• **Supplied material**

((

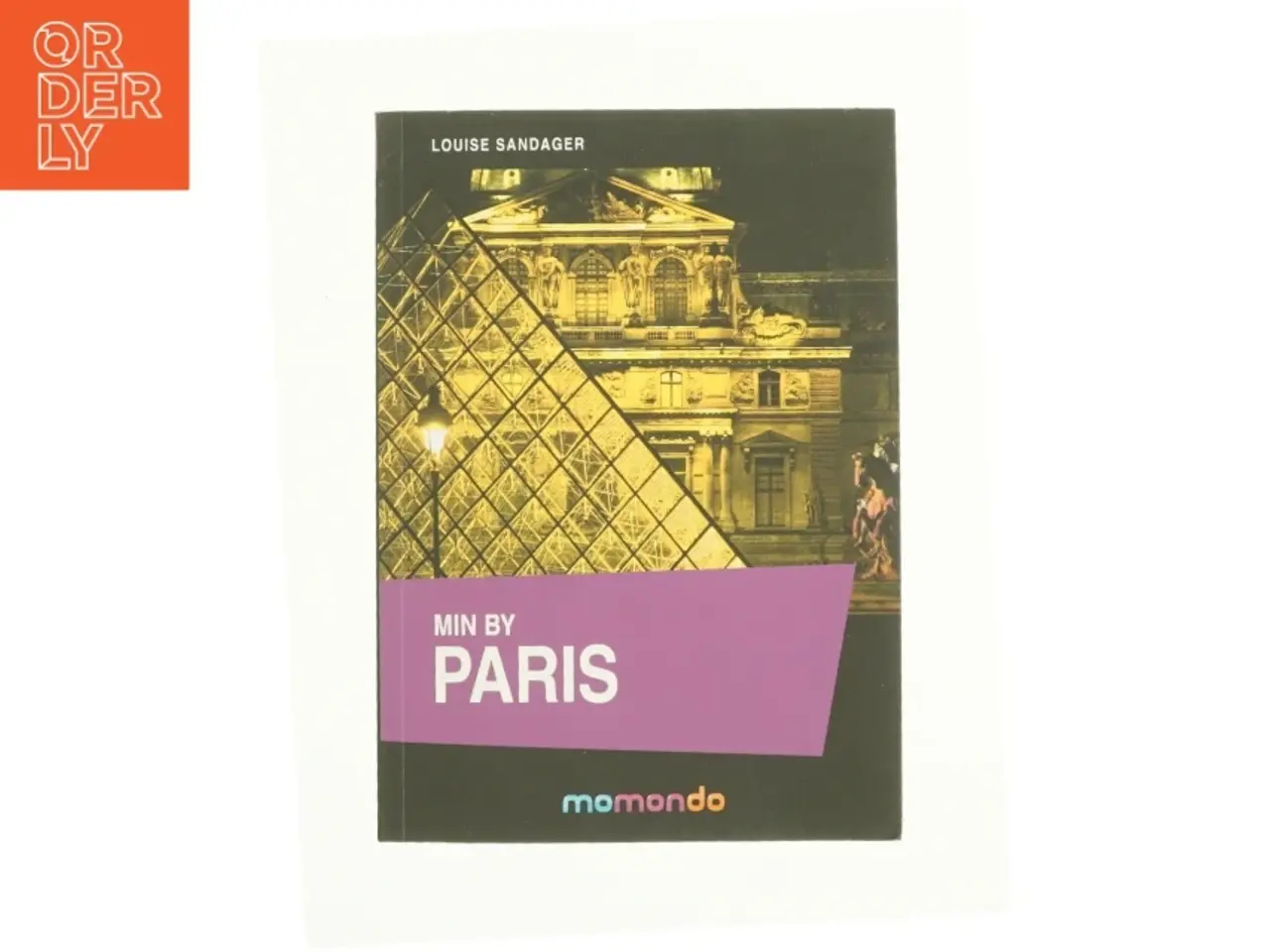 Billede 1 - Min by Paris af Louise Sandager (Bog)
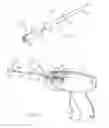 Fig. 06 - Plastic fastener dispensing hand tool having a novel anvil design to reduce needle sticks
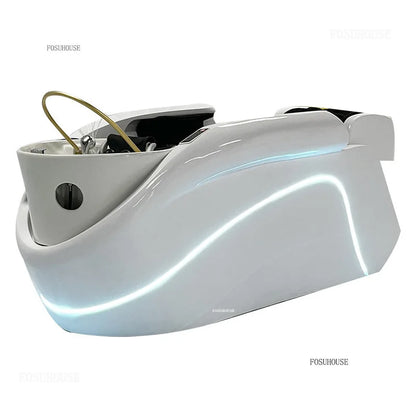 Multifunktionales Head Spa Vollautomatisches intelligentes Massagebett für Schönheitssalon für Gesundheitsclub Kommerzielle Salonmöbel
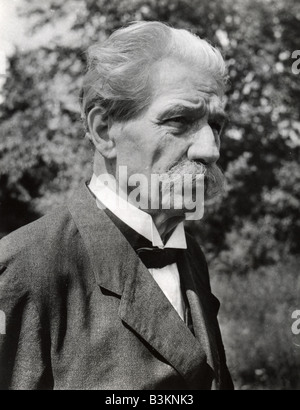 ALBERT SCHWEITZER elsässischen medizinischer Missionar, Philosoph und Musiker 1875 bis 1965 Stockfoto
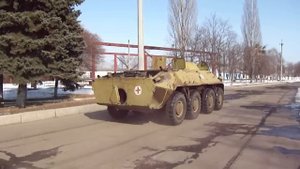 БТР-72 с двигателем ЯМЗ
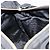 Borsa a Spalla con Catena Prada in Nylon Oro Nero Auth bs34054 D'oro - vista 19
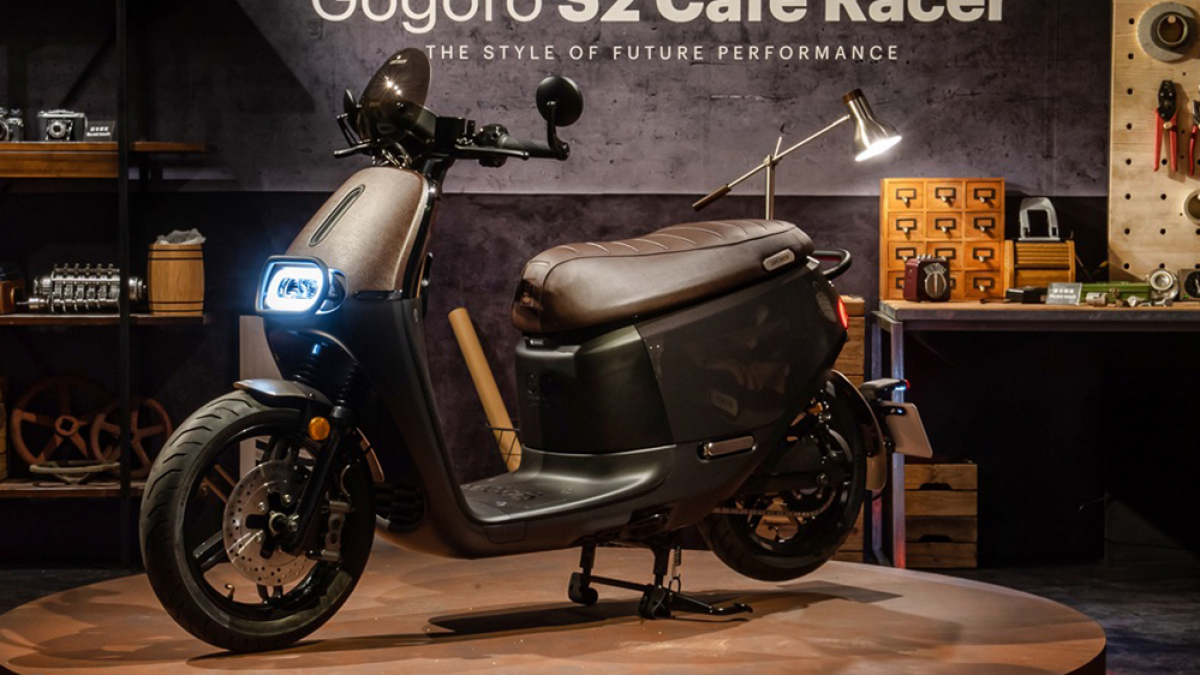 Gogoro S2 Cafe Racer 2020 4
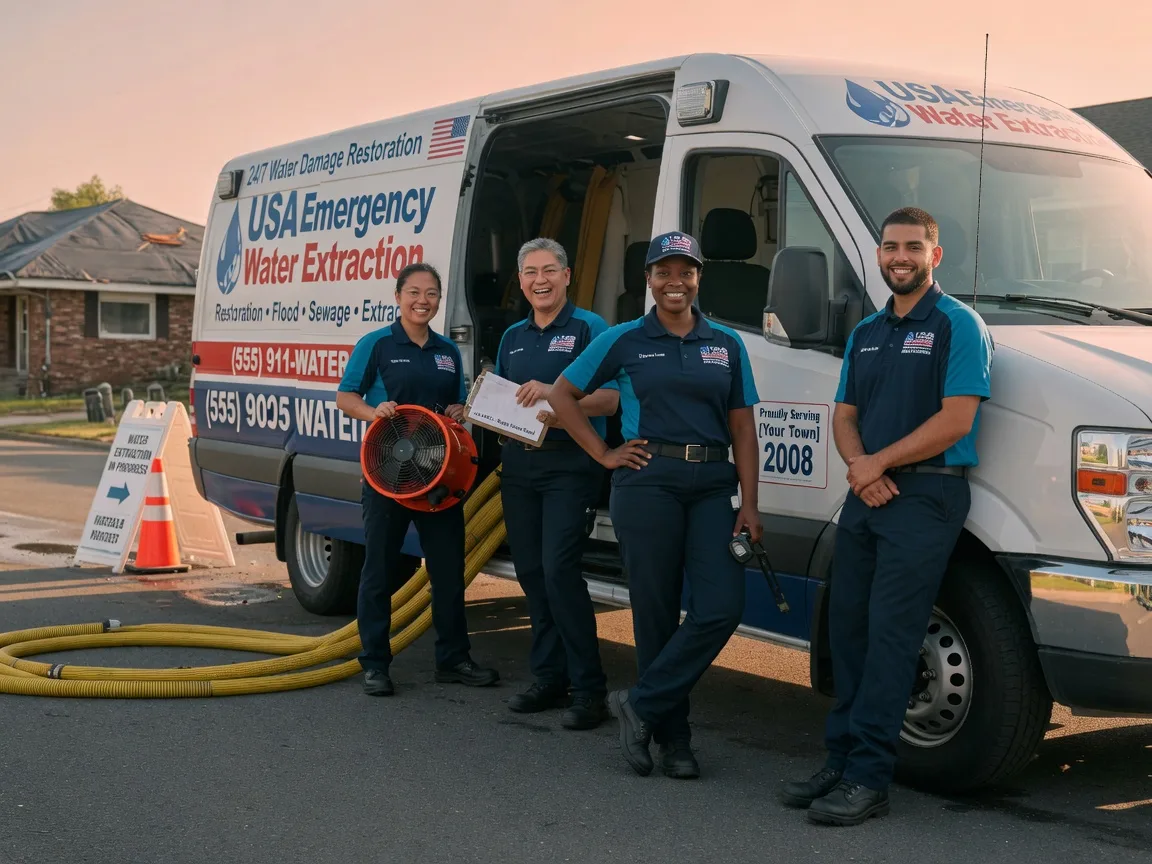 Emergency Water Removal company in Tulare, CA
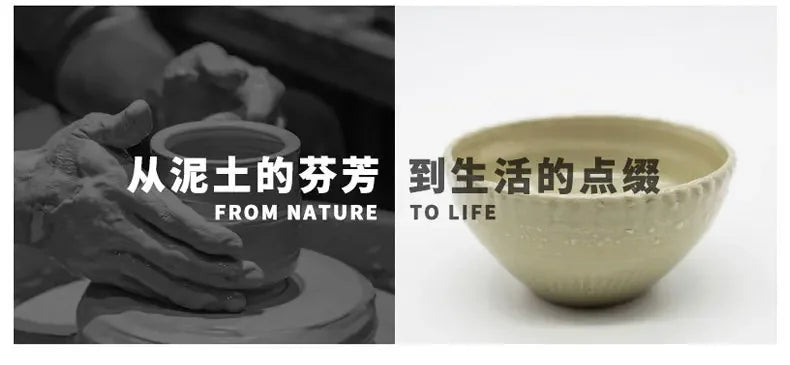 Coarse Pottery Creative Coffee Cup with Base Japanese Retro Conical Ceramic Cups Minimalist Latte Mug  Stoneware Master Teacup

))

Word for word, restate each line above, minus its pictures.

 Billede 1 - Min by Paris af Louise Sandager (Bog)
 Fig. 06 - Plastic fastener dispensing hand tool having a novel anvil design to reduce needle sticks
 Multifunktionales Head Spa Vollautomatisches intelligentes Massagebett für Schönheitssalon für Gesundheitsclub Kommerzielle Salonmöbel
 ALBERT SCHWEITZER elsässischen medizinischer Missionar, Philosoph und Musiker 1875 bis 1965 Stockfoto
 БТР-72 с двигателем ЯМЗ
 Borsa a Spalla con Catena Prada in Nylon Oro Nero Auth bs34054 D'oro - vista 19
 Gogoro S2 Cafe Racer 2020 4
 Emergency Water Removal company in Tulare, CA
 Coarse Pottery Creative Coffee Cup with Base Japanese Retro Conical Ceramic Cups Minimalist Latte Mug  Stoneware Master Teacup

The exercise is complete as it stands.